Travel And Visa Information

An entry visa is essential for all foreigners visiting India. A visitor’s Visa or Visa for taking part in the General Assembly can be obtained from your nearest Indian Embassy/consulate/high commission on producing valid passport, travel documents and sufficient means of support. If you are planning to visit neighboring countries and re-enter India, please obtain a multiple entry visa. Letters of invitations for delegates to the General Assembly of the IMU will be sent in due course. It is advisable to apply for the visa well in advance.

Invitation letter and other documents

Please print a copy of the Invitation Letter from the Secretary, IMU and the Chair, Local Organizing Committee from this link using your Access Key.

You may apply for a Conference visa to take part in the General Assembly of the IMU at Bangalore. You will need a photocopy of the permissions we have obtained from several Government Agencies. A pdf file containing all these permission letters is stored at the same link.

If you are traveling to Hyderabad to take part in the ICM and have already requested for a visa for your travel to India then please ignore these instructions.

Click here to view details of Indian Embassies

Customs and immigration clearance will be at Bangalore only if you fly directly to Bangalore. Otherwise it will be at the port of entry. Since flights to and from India are full most of the time, it is recommended to book your ticket several months in advance of your journey date.

Indian local time is ahead of Greenwich Mean Time (GMT) by 5:30 hours. International flights to/from India arrive/depart typically between midnight and early morning, while Indian domestic flights are mostly during the daytime. This makes getting good connections difficult. Only from Mumbai to Bangalore are there early morning flights by Air India and Jet Airways. Other domestic flights start around 6am. If you do not have a direct flight to Bangalore, you will have to clear immigration/customs formalities at your entry-point in India.

All the major Indian airports offer pre-paid taxi service (advisable if you don’t want to argue with the driver later). Bangalore boasts of a modern and new International Airport. Many international airliners, apart from Air India, such as Singapore Airlines, Lufthansa, Air France, British Airways, Emirates etc. have direct flights into Bangalore, operating daily.

The Indian currency is Rupee (1 US$ = 46.09 Rupees at the beginning of February 2010; more recent information can be found at the Currency Exchange). Currency conversion is possible at airports and banks, although many of them deal only with US-dollars and British-pounds. At the end of the trip, rupees can be converted back into foreign currency, only if one has receipts demonstrating that a larger amount of foreign currency was converted into rupees earlier during the trip.

If you are carrying large amount of foreign currency (not travellers cheques but cash), that should be declared at the customs when entering India. Travellers cheques do not have to be declared and are easier to carry.
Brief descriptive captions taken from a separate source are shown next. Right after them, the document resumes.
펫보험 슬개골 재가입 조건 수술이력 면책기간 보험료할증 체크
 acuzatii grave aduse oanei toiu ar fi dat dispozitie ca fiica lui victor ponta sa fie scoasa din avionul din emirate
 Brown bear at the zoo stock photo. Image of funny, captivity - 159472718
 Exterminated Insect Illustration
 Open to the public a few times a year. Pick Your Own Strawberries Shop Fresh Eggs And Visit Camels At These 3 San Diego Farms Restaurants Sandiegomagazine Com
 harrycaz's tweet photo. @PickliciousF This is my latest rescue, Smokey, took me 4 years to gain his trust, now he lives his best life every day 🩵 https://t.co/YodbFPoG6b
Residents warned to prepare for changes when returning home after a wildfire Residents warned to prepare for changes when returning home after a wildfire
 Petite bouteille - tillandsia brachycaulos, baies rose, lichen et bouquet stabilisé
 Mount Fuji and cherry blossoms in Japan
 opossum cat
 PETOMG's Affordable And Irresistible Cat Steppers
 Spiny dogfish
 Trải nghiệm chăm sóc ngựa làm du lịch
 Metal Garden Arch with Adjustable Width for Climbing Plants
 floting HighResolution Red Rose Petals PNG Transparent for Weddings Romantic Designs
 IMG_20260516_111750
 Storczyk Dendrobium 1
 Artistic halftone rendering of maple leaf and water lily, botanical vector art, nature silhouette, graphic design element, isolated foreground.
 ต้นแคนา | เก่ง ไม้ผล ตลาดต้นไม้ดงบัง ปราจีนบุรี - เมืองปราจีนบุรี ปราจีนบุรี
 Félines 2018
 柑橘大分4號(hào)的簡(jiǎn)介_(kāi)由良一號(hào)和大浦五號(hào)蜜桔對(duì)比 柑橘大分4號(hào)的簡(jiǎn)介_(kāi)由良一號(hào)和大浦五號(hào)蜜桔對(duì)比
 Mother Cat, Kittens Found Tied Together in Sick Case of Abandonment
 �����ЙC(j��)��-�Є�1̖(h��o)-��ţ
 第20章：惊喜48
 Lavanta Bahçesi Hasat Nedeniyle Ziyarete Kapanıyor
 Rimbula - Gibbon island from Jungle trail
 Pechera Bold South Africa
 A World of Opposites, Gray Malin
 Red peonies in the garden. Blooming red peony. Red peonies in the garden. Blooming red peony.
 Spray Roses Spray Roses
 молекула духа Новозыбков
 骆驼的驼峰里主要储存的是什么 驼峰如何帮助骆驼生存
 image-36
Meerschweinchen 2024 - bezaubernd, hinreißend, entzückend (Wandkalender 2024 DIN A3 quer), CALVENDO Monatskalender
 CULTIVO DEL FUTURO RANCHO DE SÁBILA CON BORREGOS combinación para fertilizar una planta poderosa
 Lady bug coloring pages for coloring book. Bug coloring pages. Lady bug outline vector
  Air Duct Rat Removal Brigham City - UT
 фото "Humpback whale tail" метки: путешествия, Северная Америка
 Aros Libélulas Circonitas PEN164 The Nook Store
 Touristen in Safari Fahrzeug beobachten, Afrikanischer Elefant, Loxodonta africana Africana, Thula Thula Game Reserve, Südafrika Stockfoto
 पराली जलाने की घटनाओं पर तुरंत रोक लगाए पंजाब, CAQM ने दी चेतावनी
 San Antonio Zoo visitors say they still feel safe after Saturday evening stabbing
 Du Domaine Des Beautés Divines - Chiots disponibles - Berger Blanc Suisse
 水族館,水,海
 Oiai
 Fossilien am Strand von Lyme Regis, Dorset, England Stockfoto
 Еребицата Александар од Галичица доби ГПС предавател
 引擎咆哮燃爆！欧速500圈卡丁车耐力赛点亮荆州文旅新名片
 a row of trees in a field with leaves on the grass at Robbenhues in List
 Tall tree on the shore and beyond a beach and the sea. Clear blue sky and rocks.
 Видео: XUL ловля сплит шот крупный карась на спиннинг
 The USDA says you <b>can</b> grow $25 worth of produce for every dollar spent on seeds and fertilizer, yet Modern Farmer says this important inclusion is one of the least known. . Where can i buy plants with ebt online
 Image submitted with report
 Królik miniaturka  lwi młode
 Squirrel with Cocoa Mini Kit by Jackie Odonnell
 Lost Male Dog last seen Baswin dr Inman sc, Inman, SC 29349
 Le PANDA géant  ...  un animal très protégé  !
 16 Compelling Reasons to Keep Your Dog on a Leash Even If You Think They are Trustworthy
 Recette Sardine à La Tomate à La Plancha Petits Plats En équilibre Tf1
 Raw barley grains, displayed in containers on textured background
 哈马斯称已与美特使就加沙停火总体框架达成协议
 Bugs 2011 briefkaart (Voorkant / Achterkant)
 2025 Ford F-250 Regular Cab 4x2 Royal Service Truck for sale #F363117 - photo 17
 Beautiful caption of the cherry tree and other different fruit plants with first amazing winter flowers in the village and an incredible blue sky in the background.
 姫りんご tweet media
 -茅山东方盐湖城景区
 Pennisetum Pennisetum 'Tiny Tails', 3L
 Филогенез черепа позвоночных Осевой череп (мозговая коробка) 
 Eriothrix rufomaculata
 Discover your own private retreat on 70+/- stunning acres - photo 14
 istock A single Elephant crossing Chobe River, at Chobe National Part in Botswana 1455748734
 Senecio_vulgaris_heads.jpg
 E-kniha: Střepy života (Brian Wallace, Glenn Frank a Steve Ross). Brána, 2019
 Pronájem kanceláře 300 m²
Expensive equipment liable to custom duty (e.g. laptop computers and video cameras) should also be declared at the customs. Such items will be entered in your passport, and you don’t have to pay any duty provided that you take them back when you return.

International credit cards are accepted at major hotels and shops, but not everywhere. There are many ATMs all over Bangalore which provide a better exchange rate than that offered by hotels and shops. (The HDFC bank, for instance, charges the credit card company Rs.55 per transaction. The amount charged by the credit card company to you will depend on the agreement between you and your credit card company.)

Avoid accepting currency notes of denominations Rupee 1,2 and 5; ask for the corresponding coins instead. The government has stopped printing these notes, but old damaged and soiled notes are still in circulation.

India uses the metric system of measurements (it is after all the birthplace of the decimal system). The electricity supply in India is 220 Volts and 50 Hz. Appliances requiring 110 Volts would need a voltage adapter. The electrical sockets require three (or two) round pin plugs. Telephone booths with international call facility and internet cafes, accessible with cash payment, can be found at many street corners. Card-operated telephones (magnetic cards or electronic accounts) exist at many public places (e.g. airports, hotels). The cards are issued by the Telecom Department of Government of India, in denominations of 100, 200, 500, 1000 units. 1 unit costs approximately 1.20 rupee, and works for about 1 minute for local calls and for about 1 second for calls to the USA.